Bill Fixing Snowmobile DWI Loophole Advances
ST. PAUL, Minn. (AP) — The death of an 8-year-old boy who was struck by a snowmobile spurred Minnesota legislators to advance a bill that would make drunk driving an offense no matter the vehicle being operated.
The House transportation committee approved a bill to allow for DWI convictions whether they're on the road, trails or snow, Minnesota Public Radio reported. The bill would limit someone with a drunken driving offense issued while operating a car from operating other vehicles, such as a snowmobile.
There's currently a loophole, said Republican Rep. Anne Neu of North Branch.
"It's silly to think that for some reason there should be stiffer penalties for a DWI in a car than there are in an ATV or a snowmobile," she said. "They are certainly deadly machines. They are certainly capable of destruction, just like a car is."
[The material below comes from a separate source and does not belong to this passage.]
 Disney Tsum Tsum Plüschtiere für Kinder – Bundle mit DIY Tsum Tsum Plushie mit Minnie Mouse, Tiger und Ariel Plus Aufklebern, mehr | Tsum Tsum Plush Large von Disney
Alan Geisenkoetter Jr. suffered severe brain damage and died in January after he was struck on Chisago Lake. The snowmobile's driver, Eric Coleman, was intoxicated and has a history of drunk driving and license revocations, prosecutors said. Coleman had a blood-alcohol level twice the legal limit for driving, authorities said. He now faces murder charges.
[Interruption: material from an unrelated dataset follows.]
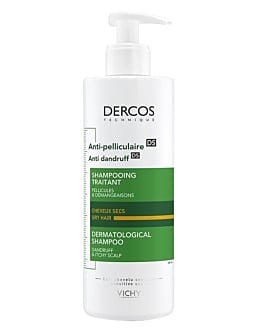 Vichy Dercos Szampon przeciwłupieżowy do włosów suchych, 390 ml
The Department of Natural Resources and the Minnesota United Snowmobilers Association support of the bill. The snowmobilers association has long been against intoxicated riding, said Doug Franzen, a lobbyist for the group.
"We say this is really not a snowmobile issue," Franzen said. "This is an issue with people's attitudes regarding drinking. This is an issue of addiction. It's a terrible tragedy."